While we used the AsyncIterator
trait as an example in this post, nothing in
this post so far has been specific to AsyncIterator
. Being able to control the
future state machines of AsyncRead
, AsyncWrite
, and so on isn’t any less
important. But if we were to consider an AFIT-based AsyncIterator
specifically
with an async gen {}
feature we can see that it provides three total levels of
control, where a poll
-based AsyncIterator
trait only provides two 1:
AFIT-based | poll_* -based | |
---|---|---|
async gen {} | ✅ | ✅ |
async fn | ✅ | ❌ |
fn poll state machine | ✅ | ✅ |
And all three levels of abstraction are important to be convenient to implement.
It would be wrong to pick and choose. Being able to implement async traits based
on async fn
is important in cases where a high-level construct like gen {}
is not available, like with AsyncRead
, and AsyncWrite
. But it’s also
important for AsyncIterator
to be able to implement subtrait
variants like ExactSizeIterator
, and be able to implement provided methods like fn size_hint
.
async gen {}
doesn’t provide the ability to do either 2, and users shouldn’t be forced to write
poll
-based state machines just for that.
Acknowledgements
I’d like to thank Oli Scherer for taking the time late last year to work with me through a series of examples of AFITs backed manually implemented futures, and explaining how they are resolved and optimized by the compiler. That conversation is what has given me the confidence to make the claims in this post with a degree of certainty I would otherwise not have. Oli did however not review this post in advance, so I’m most definitely not speaking on their behalf and any mistakes in this post will be my own.

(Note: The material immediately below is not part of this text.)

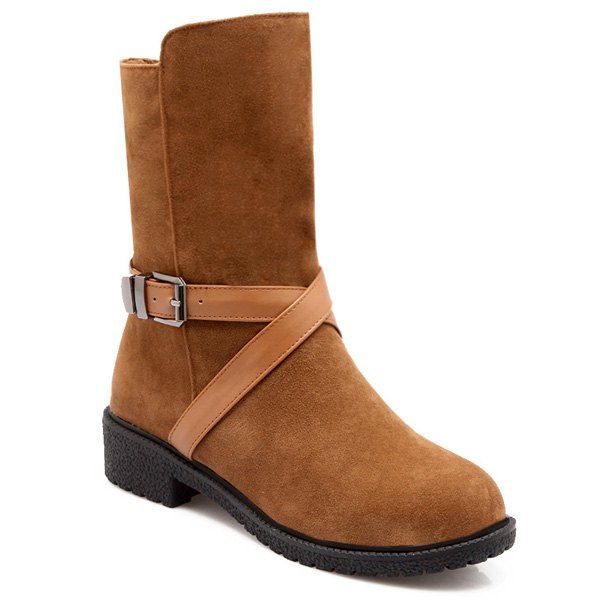

Cross-Strap Buckle Suede Mid-Calf Boots, Brown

I’m sure with enough language magic we could provide some way to allow fn poll_*
-based traits to be implemented in terms of async fn
. But that require an entirely new language feature, all to just end up with a less consistent and more complicated model than if we directly base all async traits (but Future
) on async fn
.
Capability-based arguments aside, I also believe that implementing traits should be easy. Like, what do you mean implementing a non-blocking iterator by hand requires a PhD in Rustology? Rust is supposed to make systems programming accessible and understandable. And that needs to apply to every level of abstraction.